Dem Gericht fehlen vor diesem Hintergrund jegliche Anhaltspunkte für die Annahme des Vorliegens der Voraussetzungen des subsidiären Schutzes, weil nicht ersichtlich ist, dass – bezogen auf eine mögliche COVID-19-Erkrankung – eine unmenschliche oder erniedrigende Behandlung einem Akteur im Sinne von § 3c AsylG i.V.m. § 4 Abs. 3 Satz 1 AsylG zugeordnet werden kann. Denn subsidiärer Schutz kommt nur in Betracht, wenn die Gefährdung zielgerichtet von einem Akteur ausgeht (BVerwG, U.v. 20.5.2020 – 1 C 11.19 – InfAuslR 2020, 363).
Ernstliche Zweifel an der Rechtmäßigkeit der Abschiebungsandrohung nach Nigeria ergeben sich nach Vorstehendem des Weiteren nicht im Hinblick auf die Verneinung des Vorliegens der Voraussetzungen etwaiger Abschiebungsverbote nach § 60 Abs. 5 bzw. 7 Satz 1 AufenthG durch das Bundesamt.
Insbesondere rechtfertigt die weltweite COVID-19-Pandemie keine andere in Bezug auf das Vorliegen etwaiger Abschiebungsverbote nach § 60 Abs. 5 bzw. 7 Satz 1 AufenthG (ebenso VG Cottbus, U.v. 1.9.2020 – 9 K 507/18.A – juris; U.v. 18.8.2020 – 9 K 1502/19.A – juris; VG Saarlandes, U.v. 24.8.2020 – 3 K 1819/19 – juris; VG Stuttgart, U.v. 29.7.2020 – A 7 K 2895/20 – juris; VG Augsburg, U.v. 23.7.2020 – Au 9 K 20.30569 – juris; U.v. 22.7.2020 – Au 9 K 20.30375 – juris).

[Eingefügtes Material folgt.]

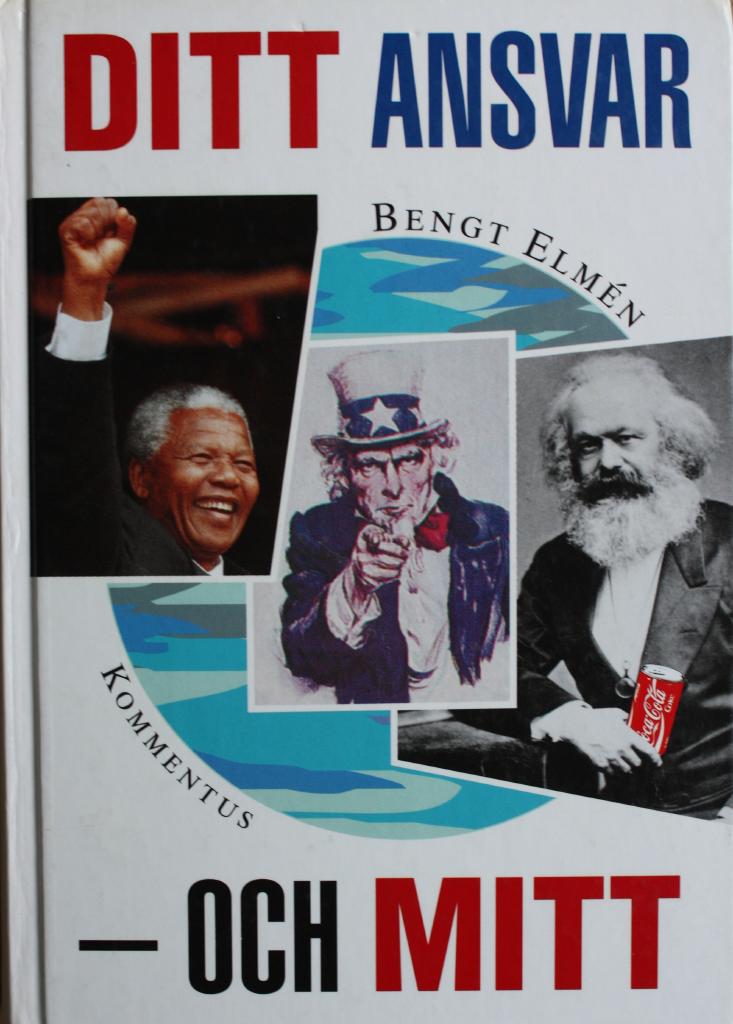 Ditt ansvar - och mitt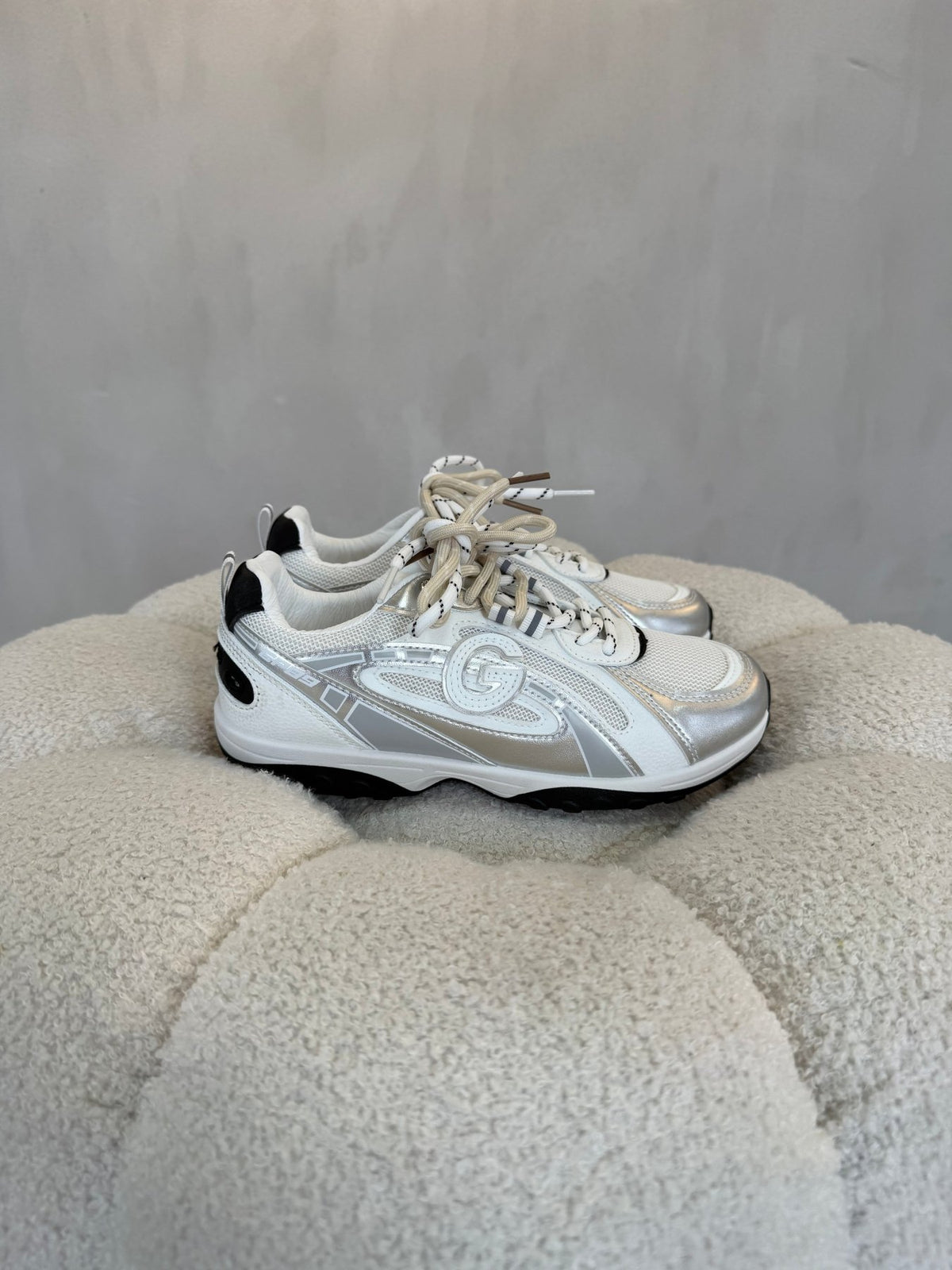 15181 Tenis White Silver - ZOÉ BRAND 2026 disponible-35 disponible-36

Auch wenn sich die wirtschaftliche Situation in Nigeria aufgrund der Auswirkungen der COVID-19-Pandemie verschlechtert (vgl. tagesschau.de, Corona-Pandemie: Kommt Afrika glimpflich davon? vom 20.8.2020; Bundesamt für Migration und Flüchtlinge, Länderinformation COVID-19-Pandemie, Die Gesundheitssysteme in den Top-10-Herkunftsländern, Stand: 06/2020, S. 28 f.; EASO Special Report: Asylum Trends on COVID-19 vom 11.6.2020, S. 15; BFA, Bundesamt für Fremdenwesen und Asyl der Republik Österreich, Kurzinformation der Staatendokumentation Afrika, COVID-19 – aktuelle Lage vom 10.6.2020, S. 3 und S. 8 f. bzw. vom 9.7.2020, S. 3 und S. 13; auch Handelsblatt vom 2.6.2020, https://www.handelsblatt.com/politik/ international/ pandemie-das-coronavirus-verschaerft-die-wirtschaftlichen-und-sozialen-probleme-afrikas/25873896.html), hält es das Gericht zum jetzigen maßgeblichen Entscheidungszeitpunkt nicht für hinreichend beachtlich wahrscheinlich, dass sich die wirtschaftlichen und sozialen Verhältnisse derart negativ entwickeln werden, dass von einer grundsätzlich abweichenden Beurteilung der Voraussetzungen eines Abschiebungsverbots nach § 60 Abs. 5 AufenthG i.V.m. Art. 3 EMRK ausgegangen werden kann. Schlechte humanitäre Verhältnisse können dabei nur in ganz außergewöhnlichen Fällen zu einer Verletzung von Art. 3 EMRK führen, nämlich dann, wenn es sich hierbei um zwingende humanitäre Gründe handelt (vgl. OVG NRW, U.v. 24.3.2020 – 19 A 4470/19.A – juris m.w.N.). Aus der Rechtsprechung des EGMR (U.v. 28.6.2011 – Nr. 8319/07 und 11449/07 – BeckRS 2012, 8036 – Rn. 278) und des Bundesverwaltungsgerichts (B.v. 13.2.2019 – 1 B 2.19 – juris; U.v. 31.1.2013 – 10 C 15.12 – BVerwGE 146, 12) ergibt sich, dass die Annahme einer unmenschlichen Behandlung allein durch die humanitäre Lage und die allgemeinen Lebensbedingungen ein sehr hohes Gefährdungsniveau voraussetzt. Nur dann liegt ein außergewöhnlicher Fall vor, in dem die gegen die Aufenthaltsbeendigung sprechenden humanitären Gründe zwingend sind. Entscheidend ist, dass die Person keiner Situation extremer materieller Not ausgesetzt wird, die es ihr unter Inkaufnahme von Verelendung verwehrt, elementare Bedürfnisse zu befriedigen.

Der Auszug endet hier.